Así, tomar vacaciones de la escuela no significa –no debe significar- una suspensión de aprendizajes. Más, puede ser una gran oportunidad de consolidar aprendizajes previos y de nuevos aprendizajes que se dan especialmente fuera de la escuela. Está extensamente documentado (por ejemplo, en el estudio “Lasting Consequences of the Summer Learning Gap” de Alexander, Entwisle y Olson, de 2007) cómo hay una pauta claramente identificable de creciente desempeño escolar que tienen los niños a lo largo de sus nueve años de educación básica si tuvieron oportunidades de aprendizaje alternativo durante los veranos intermedios.
Resulta que cada “pausa” les produjo un fortalecimiento que hace un diferencial notable con respecto de sus pares que no tuvieron cursos de verano, viajes o algún tipo de actividad recreativa o de descubrimiento en las semanas de “receso”. Además, si los seguimos en el tiempo, se comprueba que quienes no tuvieron esas oportunidades tienen más dificultad para colocarse en la selección de la educación media superior, experimentan más frecuentemente abandono del bachillerato y más baja tasa de ingreso a media superior.
Lamentablemente, lo que también el estudio muestra es que esas oportunidades de “veranos de aprendizaje” están fuertemente relacionados con la escolaridad e ingreso de los padres. Los datos son de Estados Unidos, pero todo indica que algo semejante pasa en los demás países y en México. En resumen, sin una política pública de compensación, a pesar de recibir “servicios educativos” semejantes a lo largo del año, las brechas se pueden ampliar.
Las divergencias más severas se dan entre los niños de ciudad que se quedan el verano sin una ocupación deliberada, viendo televisión, con horarios de sueño y alimentación desordenados, con poca activación física, y los chicos de su edad que participan en programas más o menos estructurados. Primera conclusión que marca una tarea: es responsabilidad de la sociedad y del Estado ofrecer alternativas que propongan a niñas y niños un receso creativo y entusiasmante.

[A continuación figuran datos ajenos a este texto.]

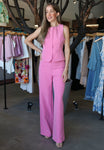 Pink High-waisted Pants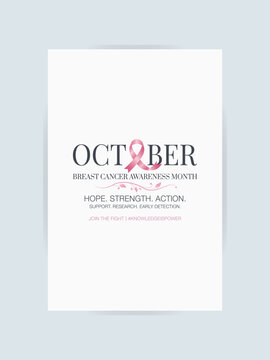 October Breast Cancer Awareness Month Typography Poster Vector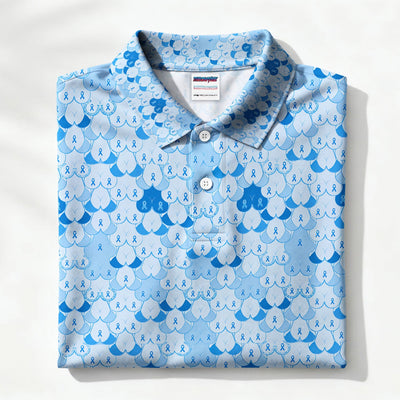 Prostate Cancer Awareness Polo Shirt for Men – Blue Ribbon Heart Pattern Support Polo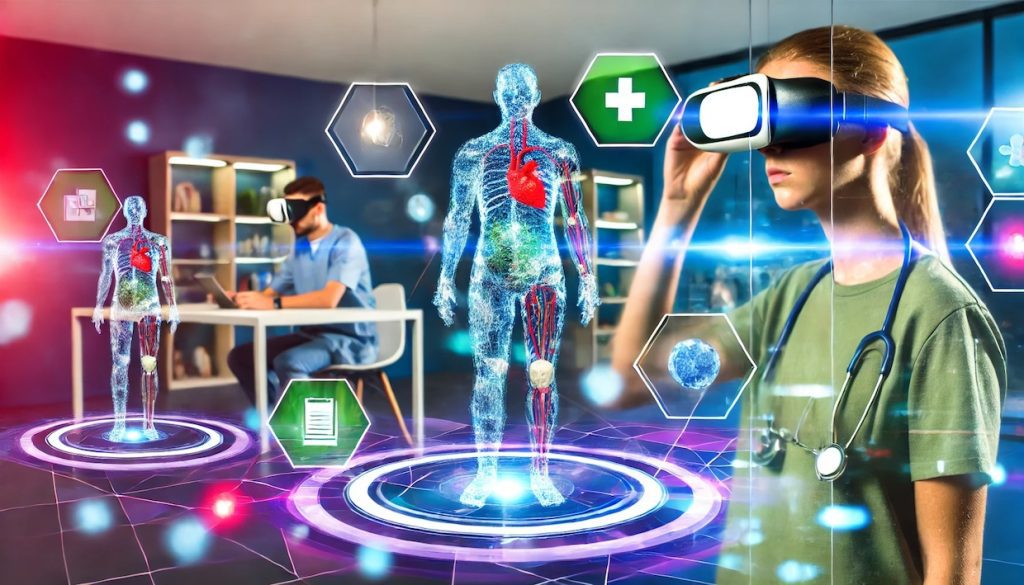 Escena futurista que muestra la tecnología inmersiva, con una persona usando gafas de realidad aumentada y hologramas de simulaciones médicas, experiencias de compra virtuales y personajes de juegos interactivos.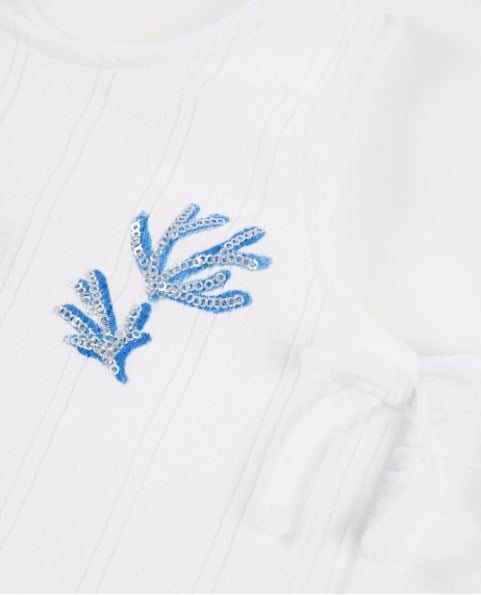 Tuc Tuc Kız Çocuk Fiyonk Detaylı Tişört  2-8 Yaş BEYAZ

Las investigaciones señalan que hay mejora de los aprendizajes por hacer algo distinto, y no por hacer lo mismo que en el ciclo escolar; por eso, los cursos de “regularización” no sólo no son tan queridos, sino que generan en la mayoría de los casos resultados imperceptibles o hasta contraproducentes. No sólo museos, parques y espacios públicos pueden y deben habilitarse para convertirse en focos de actividad infantil en el verano, con talleres, juegos estructurados, expresión artística y deportiva, sino que también las escuelas pueden hacerlo. La clave está en que no sea una versión remedial y distorsionada de la escuela de siempre, sino la oportunidad de probar cosas nuevas, de experimentar, de favorecer una convivencia distinta con las familias y los chicos mismos.
En la lógica de “se necesita la aldea entera para educar a un niño” no todo tiene que ser cursos de verano improvisados y costosos, que decepcionan a los niños porque no dejan de traslucir su intención de solo “mantenerlos entretenidos”, de “cansarlos”. Todos estamos convocados a pensar con más creatividad para colaborar con programas de barrio y de comunidad, acordando con las familias y entre los maestros algunas posibilidades de contar cuentos, hacer artesanías, dibujar y pintar, probar con un nuevo deporte. No sólo nos vamos a pasar un gran recreo, que literalmente nos re-cree, sino que también estaremos previniendo el abandono escolar y luchando por la equidad desde un aspecto –no el único, pero uno importante que ya no nos debe pasar desapercibido- para que no sea el poder de compra el que determine lo que pasa con los jóvenes de México.